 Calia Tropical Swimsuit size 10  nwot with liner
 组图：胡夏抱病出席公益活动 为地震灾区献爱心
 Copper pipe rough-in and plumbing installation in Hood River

....................

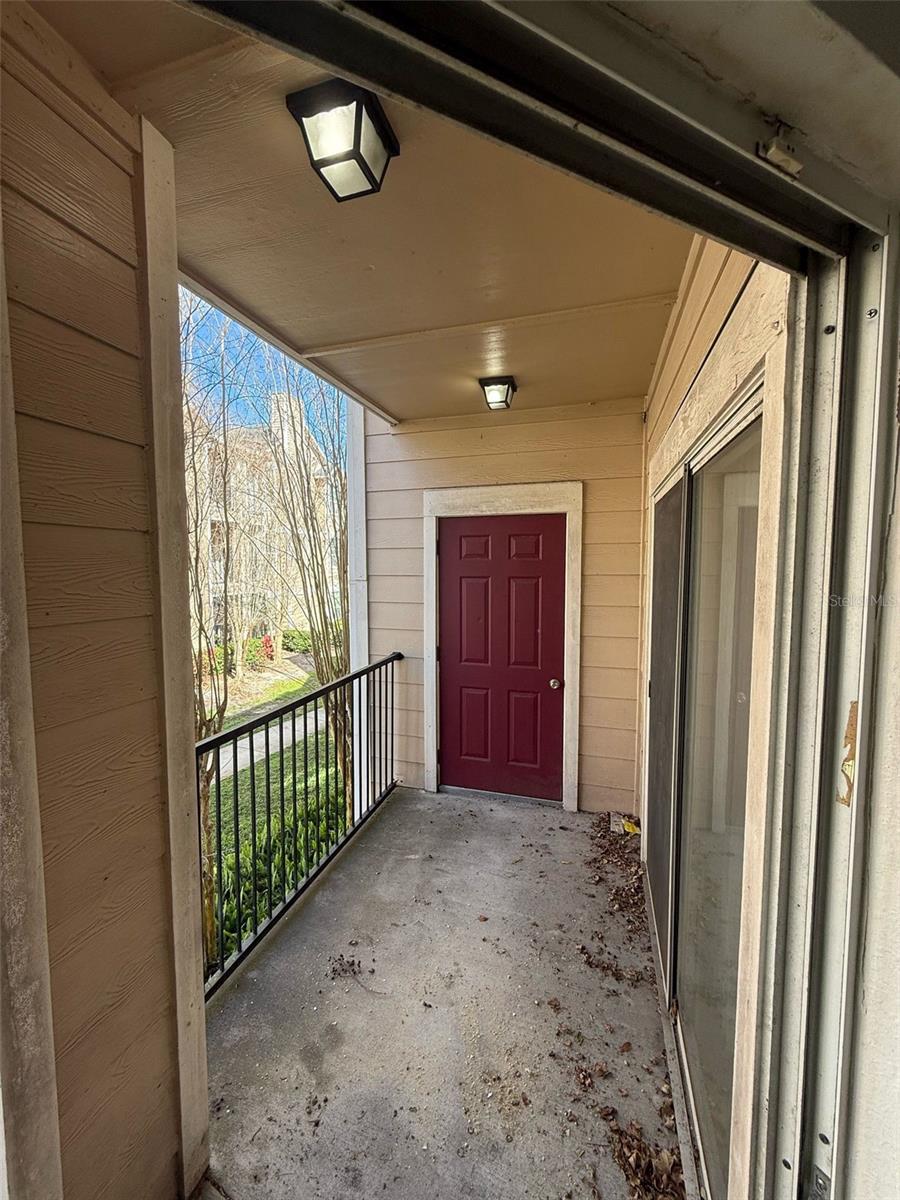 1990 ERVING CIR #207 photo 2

....................

Required work:
Within the data above, the span starting at the line containing "组图：胡夏抱病出席公益活动 为地震灾区献爱心" and ending at the line containing "Copper pipe rough-in" is to be retyped exactly, with no other lines.

Response for this exercise:
 组图：胡夏抱病出席公益活动 为地震灾区献爱心
 Copper pipe rough-in and plumbing installation in Hood River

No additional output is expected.